Communications can be facilitated via a wire (including optical fiber) and/or wireless technology. The client(s) 1002 are operatively connected to one or more client data store(s) 1008 that can be employed to store information local to the client(s) 1002 (e.g., cookie(s) and/or associated contextual information). Similarly, the server(s) 1004 are operatively connected to one or more server data store(s) 1010 that can be employed to store information local to the servers 1004. The server(s) 1004 can include the mid-tier functionality, entities, and components as described herein, as well as the backend stores and network services.
What has been described above includes examples of the disclosed architecture.
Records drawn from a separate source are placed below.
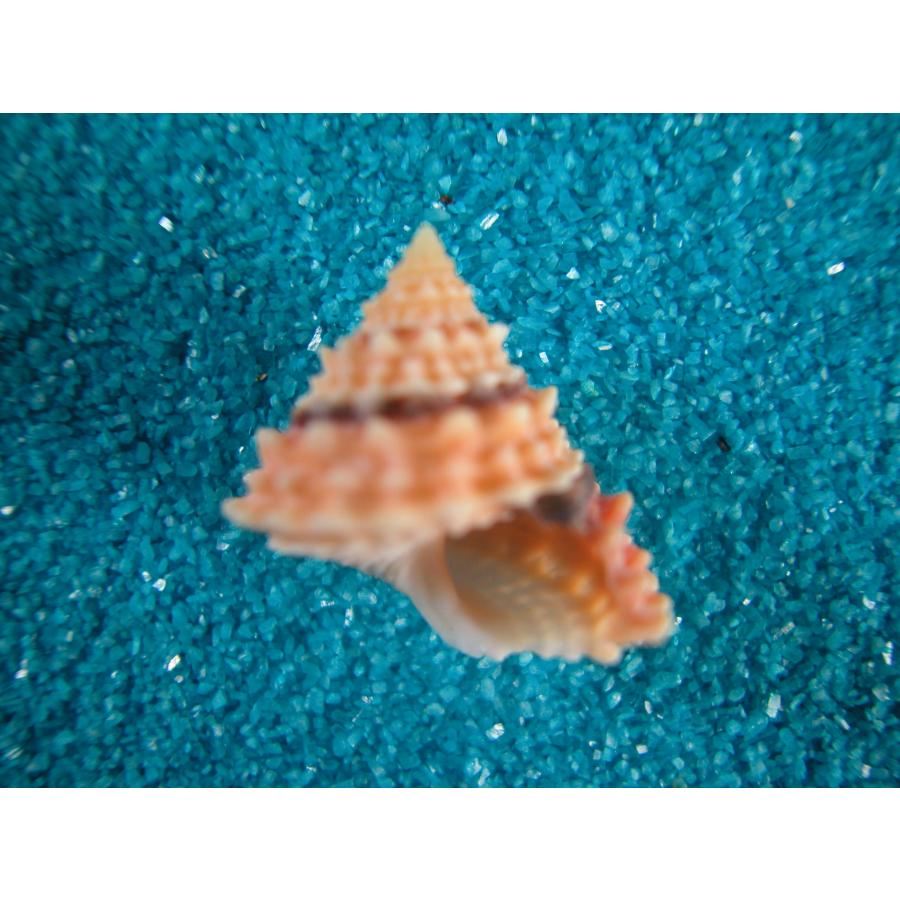 イガタマキビガイ(タマキビガイ科) : 貝殻ストア - 通販 - Yahoo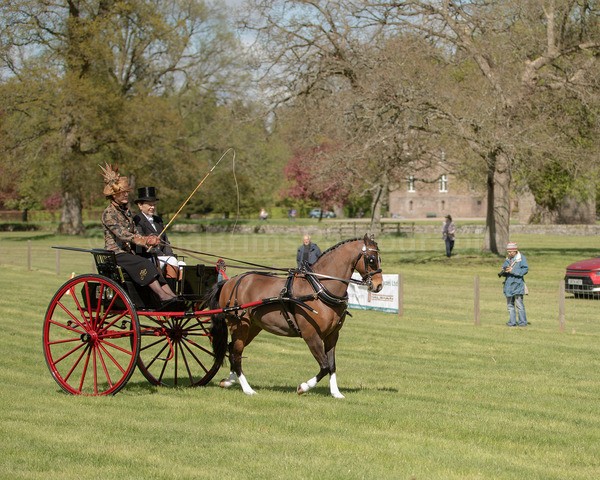 Attelage -784 - CIAT Glamis 2026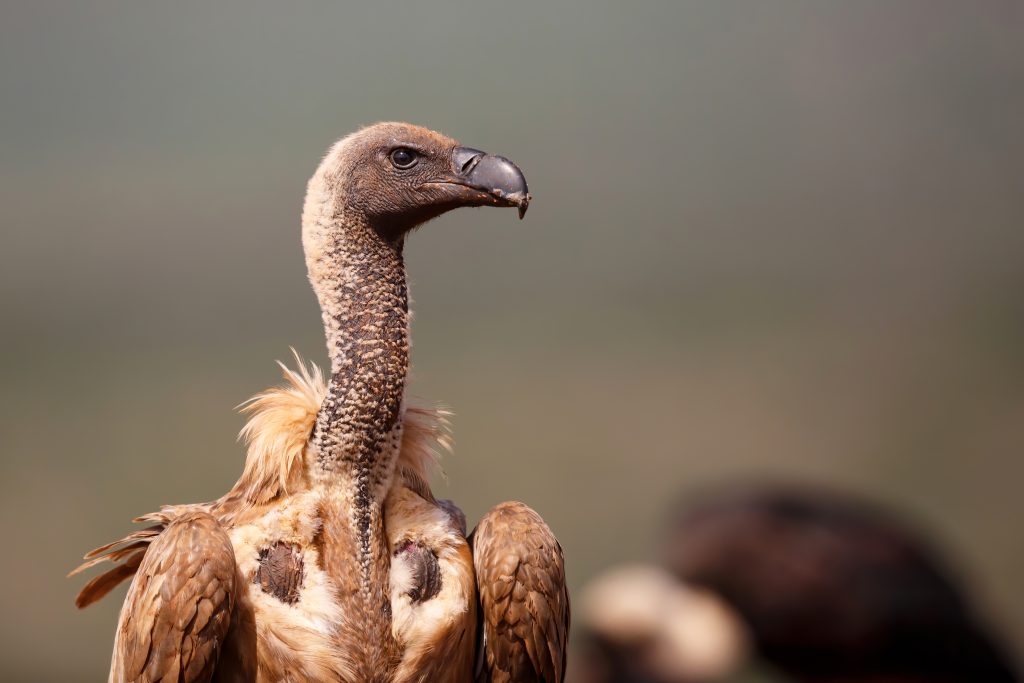 Portrait of a White-Backed Vulture looking around.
It is, of course, not possible to describe every conceivable combination of components and/or methodologies, but one of ordinary skill in the art may recognize that many further combinations and permutations are possible. Accordingly, the novel architecture is intended to embrace all such alterations, modifications and variations that fall within the spirit and scope of the appended claims. Furthermore, to the extent that the term “includes” is used in either the detailed description or the claims, such term is intended to be inclusive in a manner similar to the term “comprising” as “comprising” is interpreted when employed as a transitional word in a claim.